It begins by initializing the ensemble with a single model, whose predictions can be pretty naive. (Even if its predictions are wildly inaccurate, subsequent additions to the ensemble will address those errors.)
XGBoost stands for extreme gradient boosting, which is an implementation of gradient boosting with several additional features focused on performance and speed. (Scikit-learn has another version of gradient boosting, but XGBoost has some technical advantages.)
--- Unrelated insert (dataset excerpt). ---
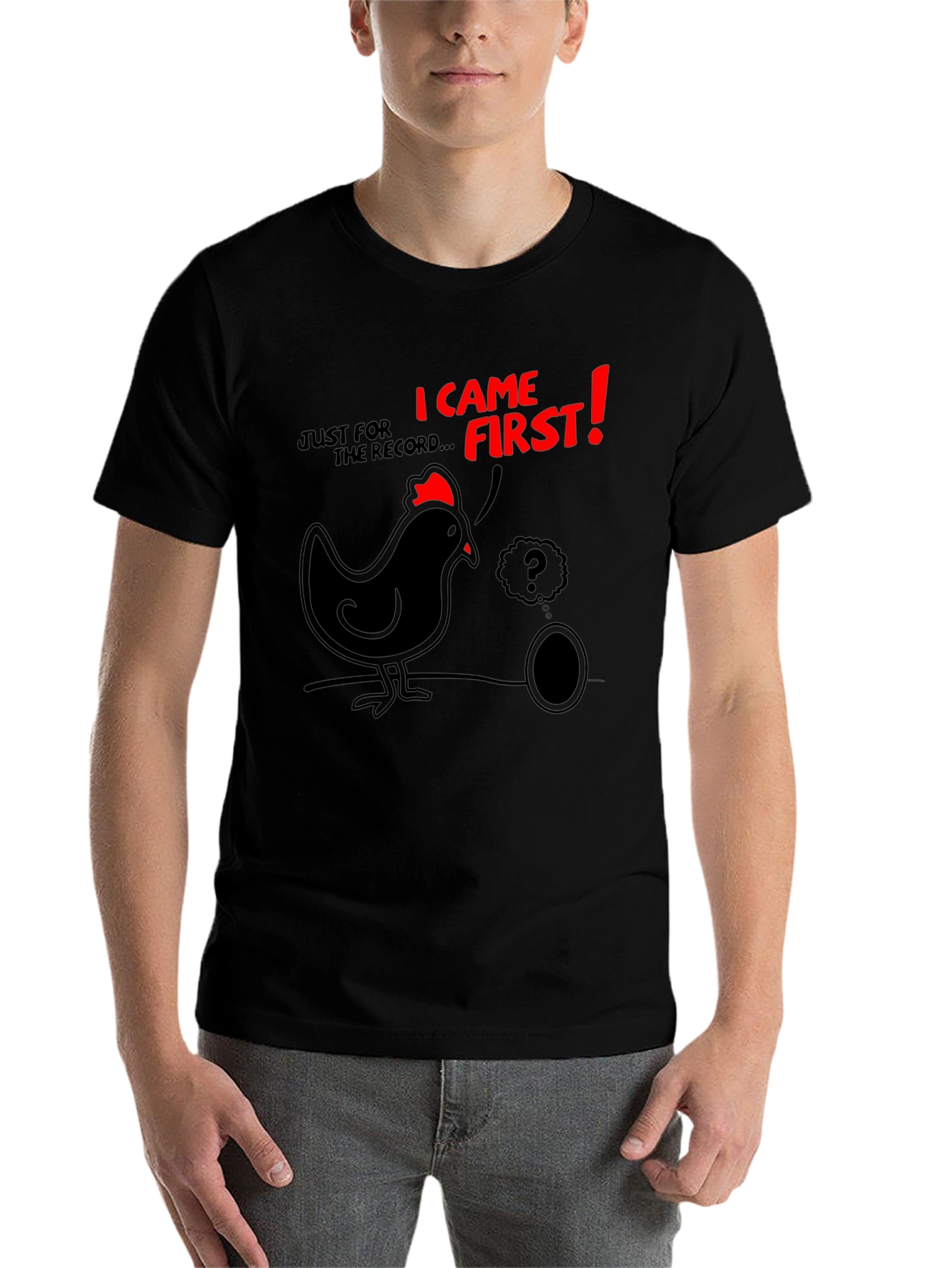 Black Funny Chicken & Egg T-Shirt - Who Came First? view 7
from xgboost import XGBRegressor
model = XGBRegressor()
model.fit(X_train, y_train)
## Parameters tuning
1) n_estimators (usually between 100 and 1000)
It specifies how many times to go through the modeling cycle described above.
It is equal to the number of models that we include in the ensemble.
model = XGBRegressor(n_estimators = 500)
2) early_stopping_rounds (usually 3 or 5 = patience)
It offers a way to automatically find the ideal value for n_estimators.
Better to start with a high value of n_estimators then reduce it with early_stopping_rounds
When using early_stopping_rounds, you also need to set aside some data for calculating the validation scores - this is done by setting the eval_set parameter.
my_model = XGBRegressor(n_estimators=500)
my_model.fit(X_train, y_train,
early_stopping_rounds=5,
eval_set=[(X_valid, y_valid)],
verbose=False)
3) learning_rate (usually small, 0.1 max)
This means each tree we add to the ensemble helps us less. So, we can set a higher value for n_estimators without overfitting.
In general, a small learning rate and large number of estimators will yield more accurate XGBoost models
my_model = XGBRegressor(n_estimators=1000, learning_rate=0.05)
my_model.fit(X_train, y_train,
early_stopping_rounds=5,
eval_set=[(X_valid, y_valid)],
verbose=False)
4) n_jobs
For large datasets, it equals to the number of cores on your machine.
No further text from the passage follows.